Tributes have been paid to Dame Olivia Newton, whose pop career began in West Hampstead.

The singer died “peacefully” in California on Monday, aged 73, husband John Easterling announced.

Dame Olivia is best known for playing Sandy in the film Grease, as well as for campaigning on animal rights and environmental issues, and on breast cancer, with which she was first diagnosed in 1992.

Dame Olivia was born in Cambridge in 1948 to Welshman Professor Brin Newton-John and his German-born wife Irene, who was the daughter of Nobel Prize-winning physicist Max Born. The family moved to Australia, while she was a young child.

In the mid-1960s she moved to London, living at Dennington Park Road in West Hampstead.

Her debut single in 1966, Till You Say You'll Be Mine, written by Jackie DeShannon was recorded at Decca Studios and released by the label as the prize for winning the Australian television talent competition Sing, Sing, Sing.

For several years, Dame Olivia was in a relationship with The Shadows' Bruce Welch, living in London, including for a time in Vane Close, overlooking Hampstead High Street.

The one-off Decca single did not chart, and it was not until 1971 that success came with a cover of Bob Dylan's If Not For You.

Ham & High: Olivia Newton-John in Brighton, where she was rehearsing for the Eurovision Song Contest in 1974Olivia Newton-John in Brighton, where she was rehearsing for the Eurovision Song Contest in 1974 (Image: PA Wire/PA Images)

Superstardom arrived in 1978 with Grease, and its huge-selling soundtrack.

John Travolta wrote on Monday that Dame Olivia "made all of our lives so much better".

The cast of Grease the musical, currently at the Dominion Theatre in the West End paid tribute, with Olivia Moore, who plays Sandy, saying she heard the news during the interval and told the audience after the show.
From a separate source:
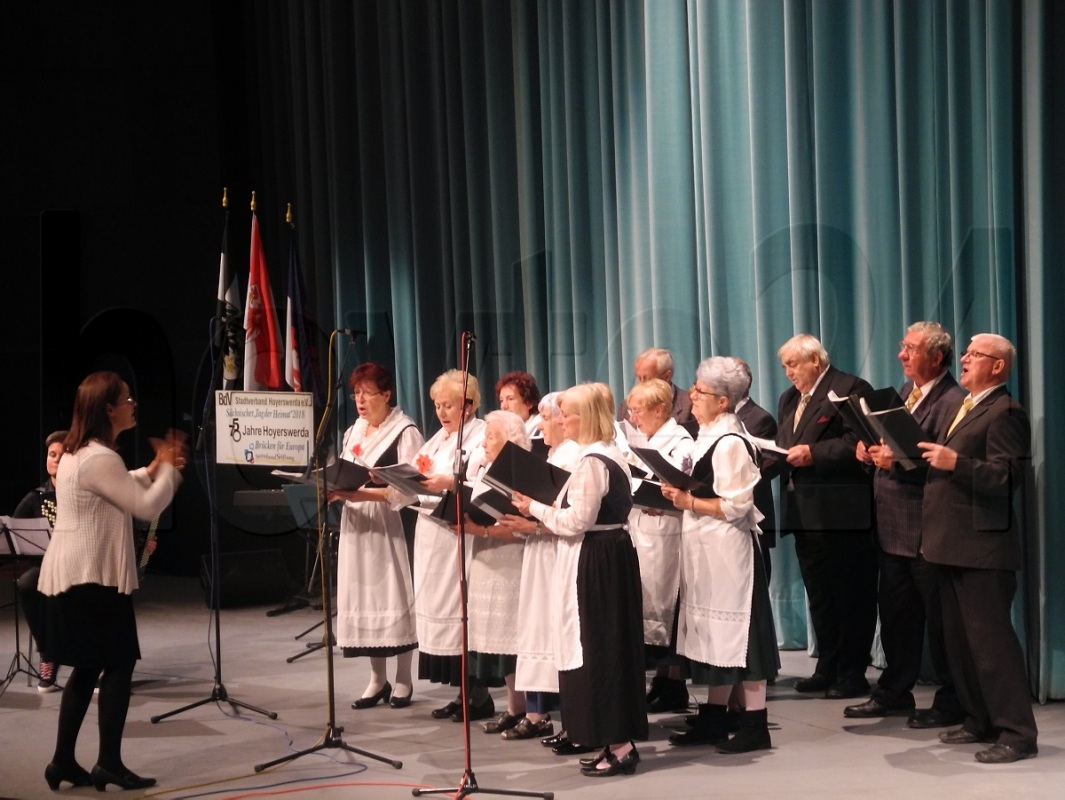 Chorauftritt beim Tag der Heimat in der Lausitzhalle. Foto: Andreas Kirschke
Dame Olivia became a prominent breast cancer campaigner, after being given the first of three cancer diagnoses in 1992. Following her initial battle with the disease, she had a partial mastectomy and reconstruction. Further cancer diagnoses followed in 2013 and 2018, when the singer said she was treating the illness “naturally” and was using cannabis oil for the pain.

Mr Easterling said in an Instagram post: “Olivia has been a symbol of triumphs and hope for over 30 years sharing her journey with breast cancer.

“Her healing inspiration and pioneering experience with plant medicine continues with the Olivia Newton-John Foundation Fund, dedicated to researching plant medicine and cancer.”

She is survived by her husband and her daughter.